I do have 2 old AHM "Sound of Steam" cars that I lash up to my Athearn C44-9ws whenever sound gets out of hand on the club layout...nothing like the sound of steam tagging along with two modern day techno-toasters to really bring out the spirit of the thing....:thumbsup:


----------



## tjcruiser (Jan 10, 2010)

Ahh ... the age-old adage ...

If a brick is thrown in a layout room, and there's nobody there to here it, does it actually smash anything to pieces?


----------



## sstlaure (Oct 12, 2010)

I thought it was "If a man says something in the woods and a woman isn't around, is he still wrong?"


----------



## Massey (Apr 16, 2011)

I say start with DCC from the get go.

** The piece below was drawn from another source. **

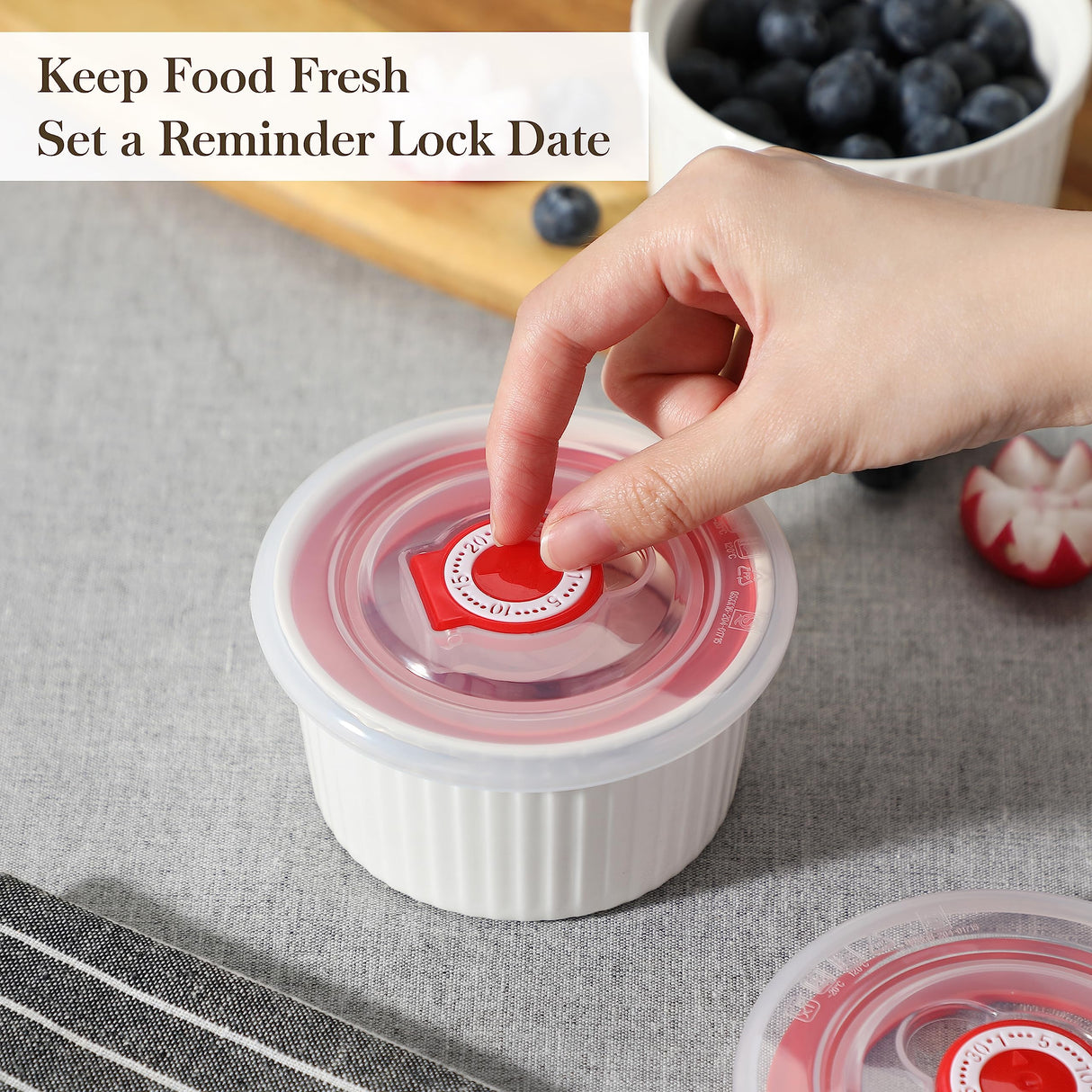 MALACASA Ramekins with Lids 8 oz - Set of 6, White Porcelain Creme Brulee Souffle Ramekins with Covers, Ceramic Custard Cups for Baking, Dishwasher and Oven Safe, Series RAMEKIN-DISH MALACASA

But I would consider a better and more versital starter set than the ones you are listing. Yes what I am saying does cost more but the return is much better. The Digitrax Zypher (extra) set is a full command station, can handle 10 (20) locos, handles sound just fine, can be used with other digitrax devices on the Loconet, and can even be used with the more advanced command stations if you upgrade in the future. THe bachmann setup is entry level only and is not expandable, if memory serves me right the top DCC set can only run 2 engines at a time, the one below can run 5 or 10. Bachmann makes some great stuff but you have to get into the Spectrum line to get the really good quality stuff. 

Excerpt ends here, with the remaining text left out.